> Brief: Reproduce the listing in full, exactly as written, but without images.

> Source material:
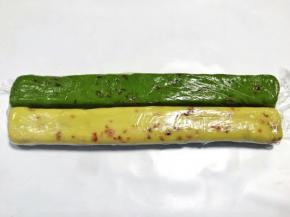 桌面铺上一张保鲜膜，先将一份面糊倒在保鲜膜上，整理成条，再铺一张保鲜膜，将另外一份面糊也整理成条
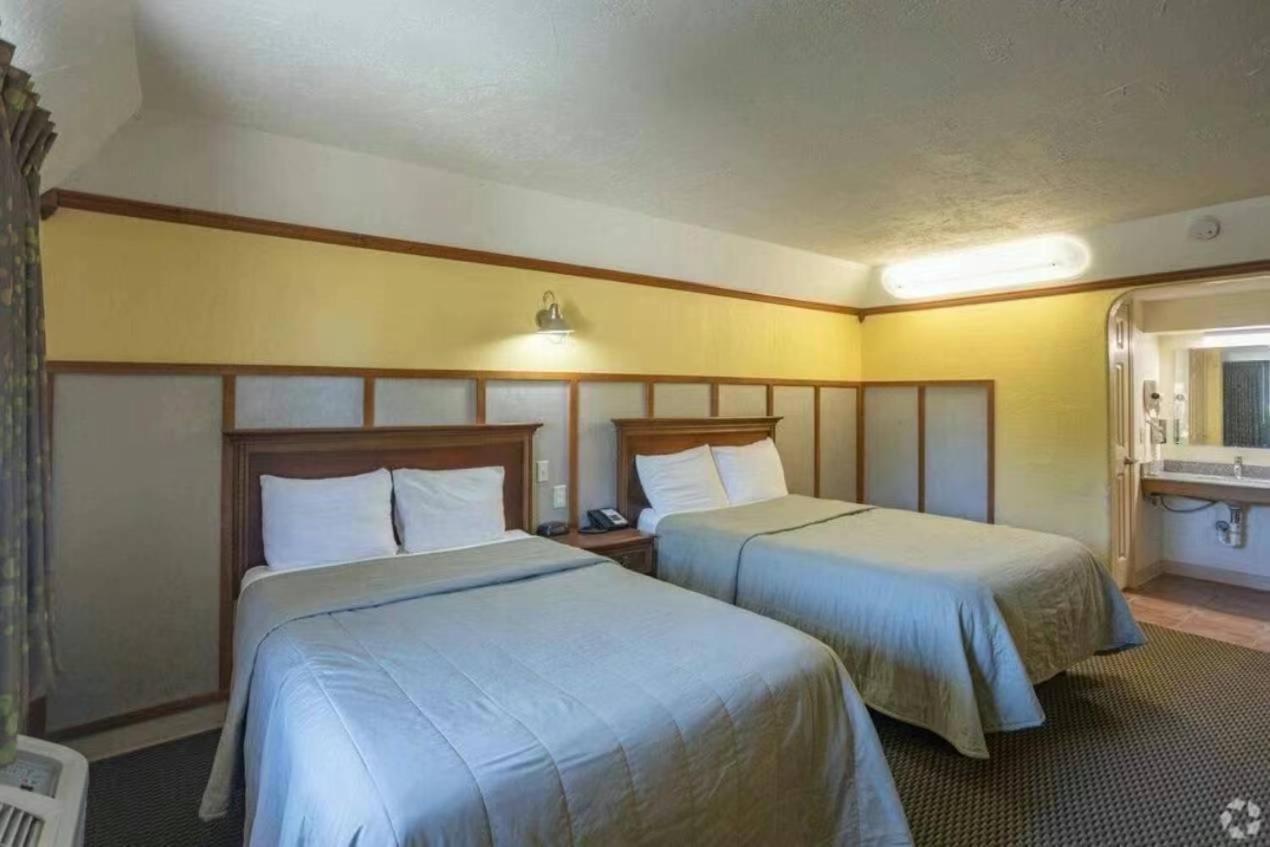 Bo Hotel Canadian Courts Zewnętrze zdjęcie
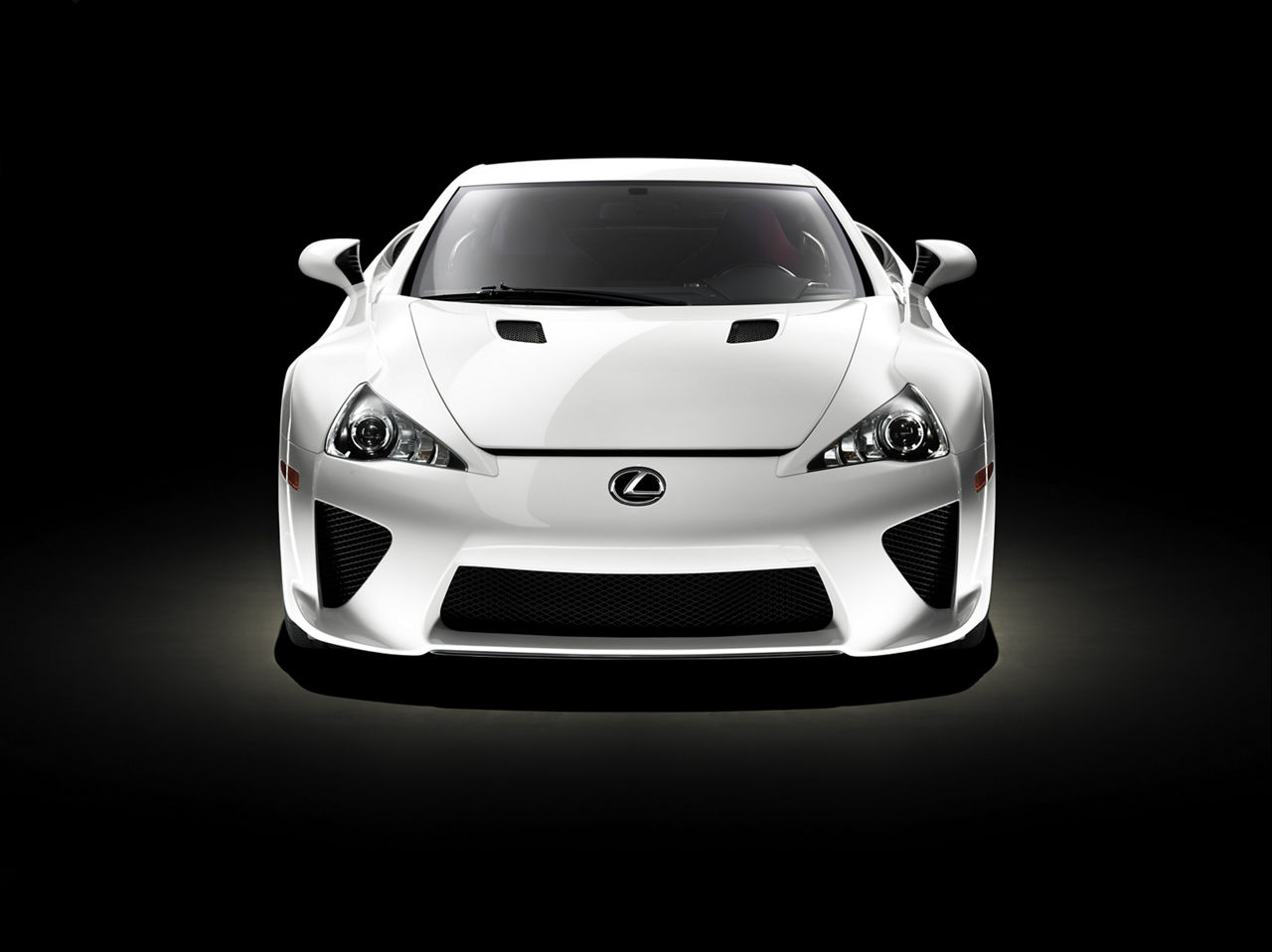 Lexus Debuts LFA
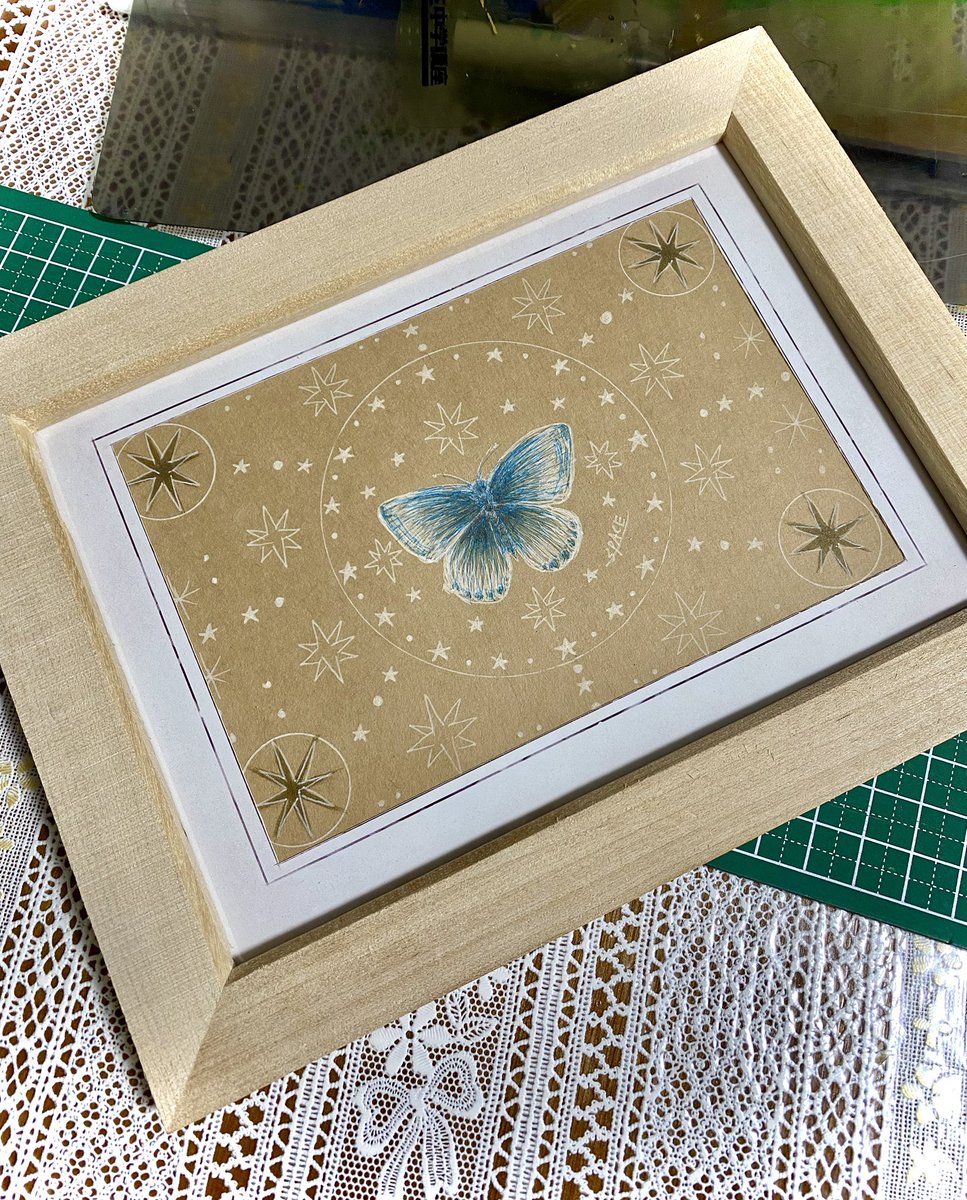 白い紙にあきてきたので ちょっと茶色い用紙に…🦋✨✨ 『蝶々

> Written solution:
 桌面铺上一张保鲜膜，先将一份面糊倒在保鲜膜上，整理成条，再铺一张保鲜膜，将另外一份面糊也整理成条
 Bo Hotel Canadian Courts Zewnętrze zdjęcie
 Lexus Debuts LFA
 白い紙にあきてきたので ちょっと茶色い用紙に…🦋✨✨ 『蝶々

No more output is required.